Another problem arises from a managerial skill that you would think would be a plus: the focus on problem-solving. That it isn’t is due to the differing nature of corporate and governmental cultures and a different level of expectations. She wasn’t kidding or making excuses when she said this–it’s the way corporate managers think:
[S]he suggested that if terrorist threats were not brought to the president’s attention, it was Mr. Clarke’s fault. “All he needed to do was to say, `I need time to brief the president on something,’ ” she said. “But Dick Clarke never asked me to brief the president on counterterrorism.”
It sounds, as Philip Shenon notes, like she’s playing into the Blame Game. But the reality more likely is that this is simply her management style: your job as a supervisor is to solve the problems and expedite the requests of your subordinate staff; if they don’t tell you the problems, how can you solve them? If they don’t make the request, how can you grant it?
Richard Clarke, by contrast, is a career govt official, and the govt paradigm is significantly different: when a situation develops, you tell your principals and make recommendations, the assumptions being that the principals will then act on it without you having to “ask them” to do so. That is, presumably, what they came to govt for–to do things.
Indeed, that has been our expection of and belief in govt activity lo, these many years–govt does things: things that protect us, that better our lives, that make us safer. We don’t expect people in govt to sit on their hands in a crisis and hope it blows over. But that’s exactly what corporations demand. Where a govt warning in a crisis might be, “Don’t do too little”, in a corporation it’s “Don’t do too much.” The cultures are entirely apposite.
Finally, there is the corporate manager’s instinctive faith in delegation of authority.

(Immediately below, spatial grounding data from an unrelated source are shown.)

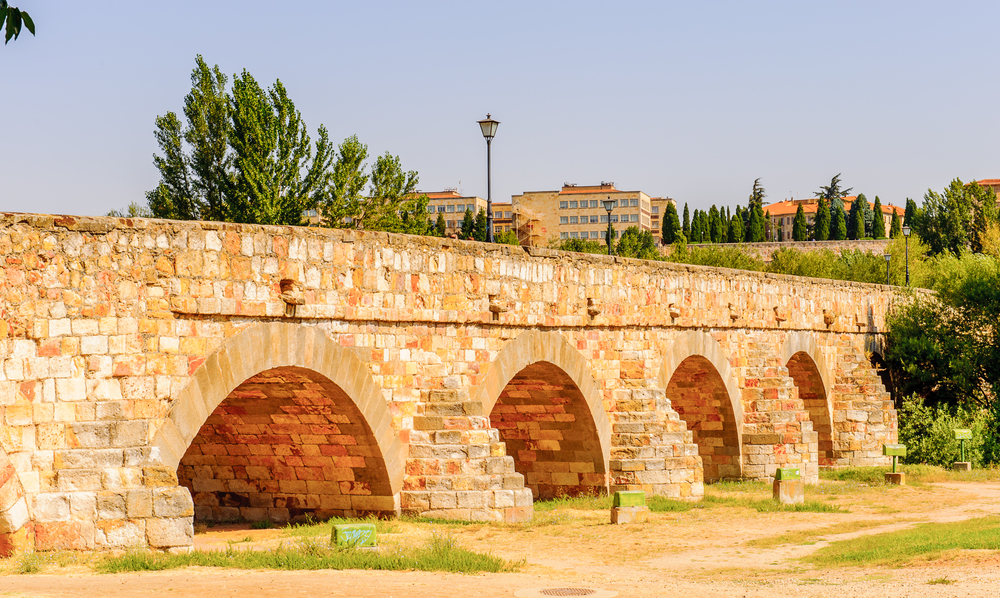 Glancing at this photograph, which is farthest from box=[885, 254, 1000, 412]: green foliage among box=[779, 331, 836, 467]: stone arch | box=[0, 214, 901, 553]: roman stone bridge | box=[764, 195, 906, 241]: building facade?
box=[764, 195, 906, 241]: building facade

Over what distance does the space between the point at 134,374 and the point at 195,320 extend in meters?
0.87

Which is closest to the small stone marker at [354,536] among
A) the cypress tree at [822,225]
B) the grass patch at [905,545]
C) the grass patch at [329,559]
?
the grass patch at [329,559]

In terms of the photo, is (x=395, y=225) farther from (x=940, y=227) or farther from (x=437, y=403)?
(x=940, y=227)

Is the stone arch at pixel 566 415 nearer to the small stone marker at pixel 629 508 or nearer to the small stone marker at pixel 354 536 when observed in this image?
the small stone marker at pixel 629 508

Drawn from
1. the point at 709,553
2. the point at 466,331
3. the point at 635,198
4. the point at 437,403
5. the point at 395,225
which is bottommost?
the point at 709,553

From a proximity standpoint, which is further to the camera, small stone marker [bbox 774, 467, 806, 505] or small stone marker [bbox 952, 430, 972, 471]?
small stone marker [bbox 952, 430, 972, 471]

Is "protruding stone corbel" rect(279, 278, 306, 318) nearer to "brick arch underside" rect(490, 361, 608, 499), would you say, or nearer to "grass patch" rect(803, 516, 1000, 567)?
"brick arch underside" rect(490, 361, 608, 499)

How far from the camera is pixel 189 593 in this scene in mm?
8156

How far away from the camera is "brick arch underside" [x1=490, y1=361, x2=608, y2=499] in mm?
17281

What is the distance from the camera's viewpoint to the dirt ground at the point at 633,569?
861 centimetres

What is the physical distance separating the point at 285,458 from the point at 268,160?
26.0 meters

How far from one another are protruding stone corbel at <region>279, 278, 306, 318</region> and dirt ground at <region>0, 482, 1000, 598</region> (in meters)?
2.35

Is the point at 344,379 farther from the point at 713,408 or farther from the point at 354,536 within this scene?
the point at 713,408

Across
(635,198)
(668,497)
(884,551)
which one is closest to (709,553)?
(884,551) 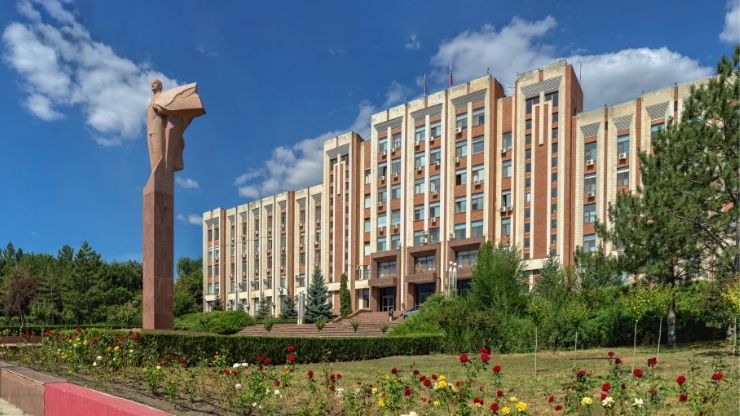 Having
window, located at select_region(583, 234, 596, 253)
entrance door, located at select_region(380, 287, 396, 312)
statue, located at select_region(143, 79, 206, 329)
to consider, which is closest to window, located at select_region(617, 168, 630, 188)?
window, located at select_region(583, 234, 596, 253)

Her otherwise inexplicable refusal to help bridge the gaps she acknowledges existed between the intelligence services due to the “structural problems” she was fully aware of, can be understood only in the light of her contention that she didn’t need to do anything because the FBI was already doing it.
“The F.B.I. was pursuing these Al Qaeda cells,” she said. “I believe in the Aug. 6 memorandum it says there were 70 full-field investigations under way of these cells. And so there was no recommendation that we do something about this. The F.B.I was pursuing it.”
First, one of her departments was dealing with the situation, so why did she need to get involved? Let them do their job. Second, there was “no recommendation” that she do anything, and in the corporate world, you don’t initiate anything if you want to survive.
There is a caveat to all this, and it needs to be said: In the corporate world, lower-echelon managers are responsible to upper-echelon managers; every boss does what her boss told her to do. Orders come from the top. No orders, no action. Condi’s boss is George.
Unwittingly, Rice gave us a pretty clear picture of Bush’s incompetence as a manager. We can now understand, if we didn’t before, why Arbusto went busto. As Randi put it yesterday, “When Bush says they did everything he knew how to do, believe him.”